11.2.3 Notwithstanding the foregoing, either party may proceed directly to any court of competent jurisdiction to seek protection or enforcement of its intellectual property rights and/or to seek injunctive relief or other equitable relief.

11.3 Severability. If any provision of this Agreement is, for any reason, held to be invalid or unenforceable, the other provisions of this Agreement will be unimpaired and the invalid or unenforceable provision will be deemed modified so that it is valid and enforceable to the maximum extent permitted by law.

11.4 No Assignment. This Agreement and your rights and obligations under this Agreement may not be assigned, delegated, or otherwise transferred, in whole or in part, by operation of law or otherwise, by you without Gigwalk’s express prior written consent. Any attempted assignment, delegation, or transfer in violation of the foregoing will be null and void. Gigwalk may assign this Agreement or any of its rights under this Agreement to any third party with or without your consent.

11.5 Notices. Gigwalk may give any notice required by this Agreement by means of a general notice on the Website, electronic mail to your email address on record with Gigwalk, or by written communication sent by first class mail or pre-paid post to your address on record with Gigwalk. Such notice shall be deemed to have been given upon the expiration of forty-eight (48) hours after mailing or posting (if sent by first class mail or pre-paid post) or twelve (12) hours after sending (if sent by email). You may give notice to Gigwalk, addressed to the attention of Ariel Seidman. Such notice shall be deemed given when received by Gigwalk by letter delivered by nationally recognized overnight delivery service or first class postage prepaid mail at the following address: 1931 Old Middlefield Way Suite 209 Mountain View CA 94043.

11.6 Remedies. Gigwalk’s remedies for any breach of this Agreement by you will include damages, injunctive relief, specific performance, and restitution. You acknowledge that any breach of this Agreement by you would cause irreparable injury to Gigwalk for which monetary damages would not be an adequate remedy and, therefore, Gigwalk will be entitled to injunctive relief (including specific performance). The rights and remedies provided to each party in this Agreement are cumulative and in addition to any other rights and remedies available to such party at law or in equity.

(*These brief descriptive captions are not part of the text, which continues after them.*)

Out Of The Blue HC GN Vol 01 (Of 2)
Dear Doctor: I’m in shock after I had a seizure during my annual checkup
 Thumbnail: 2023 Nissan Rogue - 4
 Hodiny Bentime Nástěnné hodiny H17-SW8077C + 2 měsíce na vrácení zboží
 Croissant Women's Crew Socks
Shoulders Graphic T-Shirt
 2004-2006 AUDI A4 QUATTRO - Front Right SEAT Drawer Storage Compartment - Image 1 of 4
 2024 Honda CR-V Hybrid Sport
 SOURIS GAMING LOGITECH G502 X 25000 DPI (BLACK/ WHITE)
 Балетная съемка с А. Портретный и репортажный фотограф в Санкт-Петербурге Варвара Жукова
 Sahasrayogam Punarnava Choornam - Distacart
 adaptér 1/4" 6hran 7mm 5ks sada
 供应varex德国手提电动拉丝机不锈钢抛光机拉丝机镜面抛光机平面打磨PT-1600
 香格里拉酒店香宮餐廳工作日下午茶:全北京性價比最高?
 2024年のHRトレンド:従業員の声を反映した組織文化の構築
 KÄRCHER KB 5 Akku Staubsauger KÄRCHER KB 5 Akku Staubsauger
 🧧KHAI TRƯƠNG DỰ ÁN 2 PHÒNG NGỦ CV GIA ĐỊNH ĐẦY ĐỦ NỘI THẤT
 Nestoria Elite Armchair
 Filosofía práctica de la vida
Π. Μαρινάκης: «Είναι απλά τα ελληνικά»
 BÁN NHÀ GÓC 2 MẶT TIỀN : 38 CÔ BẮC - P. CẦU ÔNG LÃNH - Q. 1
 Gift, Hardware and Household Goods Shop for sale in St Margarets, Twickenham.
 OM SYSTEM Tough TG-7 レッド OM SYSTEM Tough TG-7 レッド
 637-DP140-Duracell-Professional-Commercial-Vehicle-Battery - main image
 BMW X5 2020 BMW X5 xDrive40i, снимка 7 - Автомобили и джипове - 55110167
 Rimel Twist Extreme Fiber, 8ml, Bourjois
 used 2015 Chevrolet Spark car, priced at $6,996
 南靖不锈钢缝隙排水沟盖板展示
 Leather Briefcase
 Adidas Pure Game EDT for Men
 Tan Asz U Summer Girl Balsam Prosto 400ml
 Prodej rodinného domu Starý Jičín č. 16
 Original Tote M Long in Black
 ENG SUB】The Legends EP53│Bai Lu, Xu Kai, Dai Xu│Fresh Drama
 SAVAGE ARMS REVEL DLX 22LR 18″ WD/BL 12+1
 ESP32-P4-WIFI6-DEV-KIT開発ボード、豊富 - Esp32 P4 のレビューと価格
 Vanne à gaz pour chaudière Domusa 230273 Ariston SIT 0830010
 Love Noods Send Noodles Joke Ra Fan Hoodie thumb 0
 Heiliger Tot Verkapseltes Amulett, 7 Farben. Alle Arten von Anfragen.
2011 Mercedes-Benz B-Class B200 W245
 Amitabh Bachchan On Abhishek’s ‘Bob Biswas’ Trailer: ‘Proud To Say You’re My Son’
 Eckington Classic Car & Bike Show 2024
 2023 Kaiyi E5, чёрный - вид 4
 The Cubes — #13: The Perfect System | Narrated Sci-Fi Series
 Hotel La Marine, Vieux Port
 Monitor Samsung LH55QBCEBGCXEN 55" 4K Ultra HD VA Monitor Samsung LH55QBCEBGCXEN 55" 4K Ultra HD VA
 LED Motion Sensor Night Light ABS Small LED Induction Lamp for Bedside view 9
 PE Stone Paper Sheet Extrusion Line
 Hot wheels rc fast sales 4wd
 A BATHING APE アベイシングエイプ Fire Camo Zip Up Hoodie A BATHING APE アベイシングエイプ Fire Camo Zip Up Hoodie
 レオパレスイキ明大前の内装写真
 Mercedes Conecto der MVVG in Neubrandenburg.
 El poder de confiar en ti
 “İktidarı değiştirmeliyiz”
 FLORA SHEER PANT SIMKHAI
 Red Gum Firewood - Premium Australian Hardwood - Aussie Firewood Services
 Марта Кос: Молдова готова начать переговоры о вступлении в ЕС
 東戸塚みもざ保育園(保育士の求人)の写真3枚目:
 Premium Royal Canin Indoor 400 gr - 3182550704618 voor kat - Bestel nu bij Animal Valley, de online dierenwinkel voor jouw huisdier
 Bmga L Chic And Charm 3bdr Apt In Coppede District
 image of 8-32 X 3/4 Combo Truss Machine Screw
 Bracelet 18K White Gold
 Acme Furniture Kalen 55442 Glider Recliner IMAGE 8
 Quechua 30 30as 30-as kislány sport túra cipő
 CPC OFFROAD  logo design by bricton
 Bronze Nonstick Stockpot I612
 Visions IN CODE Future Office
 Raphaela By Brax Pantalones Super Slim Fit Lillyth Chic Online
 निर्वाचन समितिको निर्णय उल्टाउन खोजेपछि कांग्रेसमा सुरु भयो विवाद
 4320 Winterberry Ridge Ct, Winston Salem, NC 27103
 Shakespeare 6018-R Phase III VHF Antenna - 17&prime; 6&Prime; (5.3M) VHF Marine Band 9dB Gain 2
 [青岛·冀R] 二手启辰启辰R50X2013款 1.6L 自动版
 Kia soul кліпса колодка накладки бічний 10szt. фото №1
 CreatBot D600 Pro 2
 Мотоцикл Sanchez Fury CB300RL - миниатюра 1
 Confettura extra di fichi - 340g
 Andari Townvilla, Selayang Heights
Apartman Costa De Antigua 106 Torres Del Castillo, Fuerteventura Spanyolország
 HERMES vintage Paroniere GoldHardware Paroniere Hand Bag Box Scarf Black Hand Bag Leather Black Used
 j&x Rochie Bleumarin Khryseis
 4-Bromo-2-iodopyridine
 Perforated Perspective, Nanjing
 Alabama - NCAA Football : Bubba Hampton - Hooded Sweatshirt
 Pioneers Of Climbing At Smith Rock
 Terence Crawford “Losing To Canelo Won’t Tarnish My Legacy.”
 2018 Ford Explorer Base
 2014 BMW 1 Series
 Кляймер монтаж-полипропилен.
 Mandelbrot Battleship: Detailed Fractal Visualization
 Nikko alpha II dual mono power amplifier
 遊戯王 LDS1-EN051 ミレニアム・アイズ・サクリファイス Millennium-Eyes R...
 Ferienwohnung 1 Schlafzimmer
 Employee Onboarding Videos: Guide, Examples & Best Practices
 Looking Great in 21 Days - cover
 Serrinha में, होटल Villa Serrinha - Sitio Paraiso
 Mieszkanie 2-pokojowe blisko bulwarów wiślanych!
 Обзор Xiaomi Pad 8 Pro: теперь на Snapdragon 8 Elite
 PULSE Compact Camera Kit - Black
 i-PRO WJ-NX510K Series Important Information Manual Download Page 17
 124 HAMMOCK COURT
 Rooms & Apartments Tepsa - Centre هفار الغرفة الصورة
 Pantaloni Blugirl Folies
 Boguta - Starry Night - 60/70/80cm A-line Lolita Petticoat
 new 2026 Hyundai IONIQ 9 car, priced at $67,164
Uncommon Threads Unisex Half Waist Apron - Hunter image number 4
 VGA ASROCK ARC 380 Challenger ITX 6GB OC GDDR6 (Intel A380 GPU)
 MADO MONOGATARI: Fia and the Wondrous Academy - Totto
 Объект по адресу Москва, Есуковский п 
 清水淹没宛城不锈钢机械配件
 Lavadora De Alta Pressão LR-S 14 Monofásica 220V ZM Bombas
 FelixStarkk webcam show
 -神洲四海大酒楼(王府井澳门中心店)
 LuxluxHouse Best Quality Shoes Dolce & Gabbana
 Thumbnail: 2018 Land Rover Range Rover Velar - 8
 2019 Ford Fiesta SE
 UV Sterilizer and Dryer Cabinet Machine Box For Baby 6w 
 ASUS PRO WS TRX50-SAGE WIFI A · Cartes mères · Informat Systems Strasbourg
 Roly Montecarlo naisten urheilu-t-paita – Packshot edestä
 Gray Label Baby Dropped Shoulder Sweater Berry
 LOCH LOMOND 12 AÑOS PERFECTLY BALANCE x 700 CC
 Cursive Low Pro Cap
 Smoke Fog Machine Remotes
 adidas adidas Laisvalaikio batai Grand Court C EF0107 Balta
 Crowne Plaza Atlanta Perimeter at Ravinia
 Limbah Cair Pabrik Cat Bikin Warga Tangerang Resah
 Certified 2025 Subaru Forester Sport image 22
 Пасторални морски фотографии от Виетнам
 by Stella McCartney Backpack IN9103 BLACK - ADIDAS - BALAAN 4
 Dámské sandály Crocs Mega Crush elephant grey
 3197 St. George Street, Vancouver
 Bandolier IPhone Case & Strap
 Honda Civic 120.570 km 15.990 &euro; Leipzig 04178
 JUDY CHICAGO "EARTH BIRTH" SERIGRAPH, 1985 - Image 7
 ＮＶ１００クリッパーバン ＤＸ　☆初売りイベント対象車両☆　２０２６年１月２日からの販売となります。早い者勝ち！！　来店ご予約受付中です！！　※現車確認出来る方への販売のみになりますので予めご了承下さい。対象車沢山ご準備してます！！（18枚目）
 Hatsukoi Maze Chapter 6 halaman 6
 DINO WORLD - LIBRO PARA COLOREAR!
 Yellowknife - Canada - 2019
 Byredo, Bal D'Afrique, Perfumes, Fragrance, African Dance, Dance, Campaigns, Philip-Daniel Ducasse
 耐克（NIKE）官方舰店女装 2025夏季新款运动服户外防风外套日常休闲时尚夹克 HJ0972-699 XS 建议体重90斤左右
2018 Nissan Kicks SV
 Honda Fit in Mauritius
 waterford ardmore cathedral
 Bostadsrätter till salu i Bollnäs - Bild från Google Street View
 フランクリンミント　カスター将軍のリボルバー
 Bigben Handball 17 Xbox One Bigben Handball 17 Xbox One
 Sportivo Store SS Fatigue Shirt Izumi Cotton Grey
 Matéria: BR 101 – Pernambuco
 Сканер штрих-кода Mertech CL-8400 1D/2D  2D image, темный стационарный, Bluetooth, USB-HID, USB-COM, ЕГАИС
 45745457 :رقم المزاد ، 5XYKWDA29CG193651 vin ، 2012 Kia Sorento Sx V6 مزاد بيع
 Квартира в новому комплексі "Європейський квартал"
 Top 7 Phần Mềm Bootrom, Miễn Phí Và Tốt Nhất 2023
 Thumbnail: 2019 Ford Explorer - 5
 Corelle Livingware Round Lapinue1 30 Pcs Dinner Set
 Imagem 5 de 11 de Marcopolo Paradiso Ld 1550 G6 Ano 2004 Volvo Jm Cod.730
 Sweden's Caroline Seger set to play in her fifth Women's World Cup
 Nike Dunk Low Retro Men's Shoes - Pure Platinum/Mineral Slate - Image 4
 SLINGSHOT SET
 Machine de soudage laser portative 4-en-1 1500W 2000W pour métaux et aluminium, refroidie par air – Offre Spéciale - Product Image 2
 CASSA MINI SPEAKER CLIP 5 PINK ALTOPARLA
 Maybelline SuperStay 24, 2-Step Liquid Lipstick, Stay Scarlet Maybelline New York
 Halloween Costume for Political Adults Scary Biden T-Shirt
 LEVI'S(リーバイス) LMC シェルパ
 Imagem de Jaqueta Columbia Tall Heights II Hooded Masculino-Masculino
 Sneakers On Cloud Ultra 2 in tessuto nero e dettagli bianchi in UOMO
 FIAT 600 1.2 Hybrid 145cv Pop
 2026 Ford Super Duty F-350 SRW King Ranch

11.7 Waiver. All waivers must be in writing and signed by the party to be charged. Any waiver or failure to enforce any provision of this Agreement on one occasion will not be deemed a waiver of any other provision or of such provision on any other occasion.

11.8 Time Is of the Essence. Time is of the essence in the performance of the Gigs and your other obligations under this Agreement.

11.9 Entire Agreement; Amendments. This Agreement is the final, complete, and exclusive agreement of the parties with respect to the subject matter hereof and supersedes and merges all prior or contemporaneous communications and understandings between the parties. Except as permitted herein, no modification of or amendment to this Agreement will be effective unless in writing and signed by the party to be charged.

11.10 Feedback. In the event that you provide Gigwalk with any feedback regarding the Service or the Website, including without limitation, any flaws, errors, bugs, anomalies, problems with and/or suggestions for the Service or the Website (“Feedback”), you hereby assign to Gigwalk all rights in the Feedback, including but not limited to, the right to use such Feedback and related information in any manner we deem appropriate.

11.11 Modifications to Website. Gigwalk reserves the right at any time to modify or discontinue, temporarily or permanently, the Website or the Service (or any part thereof) with or without notice. You agree that Gigwalk shall not be liable to you or to any third party for any modification, suspension or discontinuance of the Website or the Service.